Court Opinion

ID: 6749847
Source: CourtListenerOpinion
Date Created: 2022-07-21 00:09:44.705983+00
Date Added: 2024-06-11T16:02:13.316988
License: Public Domain

OPINION
Per CURIAM.
Defendant appealed to this court on questions of law from a judgment of the Municipal Court of Youngstown entered upon a finding for plaintiff, made by a judge of that court sitting as a jury by agreement of counsel, in plaintiff’s action to recover from defendant for damages to his automobile sustained as the result of the alleged negligence of defendant in operating his automobile into collision with plaintiff’s parked unlighted automobile.
About 7:30 o’clock on the night of November 21, 1951, during the season of darkness, plaintiff’s unlighted automobile was parked on the southerly side of Midlothian Boulevard, which portion thereof is situated in Boardman Township, and the northerly portion of which is situated in the corporate limits of the city of Youngstown, Mahoning county.
*514Defendant here, claims that as his automobile, which he was operating in an easterly direction on the southerly side of Midlothian Boulevard, a much travelled, duly dedicated, improved and accepted highway, approached plaintiff’s parked automobile, and was within a car’s length of it, the second of three automobiles approaching from the east attempted to pass the first automobile and crossed the center line of Midlothian Boulevard.
Defendant claims that to avoid a collision with that automobile he operated his automobile to the right onto the southerly side of Midlothian Boulevard, as the result of which it collided with plaintiff’s parked unlighted automobile, damaging it.
Defendant contends that the trial judge erred to his prejudice in refusing to admit evidence offered by him that such second of the three west bound automobiles, to which reference has been made, invaded the southerly lane of traffic of Midlothian Boulevard, then being travelled by him Defendant’s counsel claims such evidence was competent to show an emergency under which he acted to avoid an apparent head-on collision with the automobile which turned into the southern half of Midlothian Boulevard, and furnished an excuse for defendant’s collision with plaintiff’s parked unlighted automobile.

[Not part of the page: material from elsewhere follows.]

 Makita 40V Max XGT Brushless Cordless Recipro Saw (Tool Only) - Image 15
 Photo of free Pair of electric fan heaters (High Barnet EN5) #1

There is nothing in the record to relieve the defendant of the duty to observe the assured clear distance ahead statute. If the evidence tendered by defendant had been admitted it would not have constituted an excuse for violation of the assured clear .distance ahead statute. Therefore the court was not in error in refusing its admission.
Next defendant urges that plaintiff’s contributory negligence in parking his car without lights outside a municipal corporation defeated his right to recover from defendant, and that the trial judge erred to his prejudice in overruling his motion to dismiss plaintiff’s action against him.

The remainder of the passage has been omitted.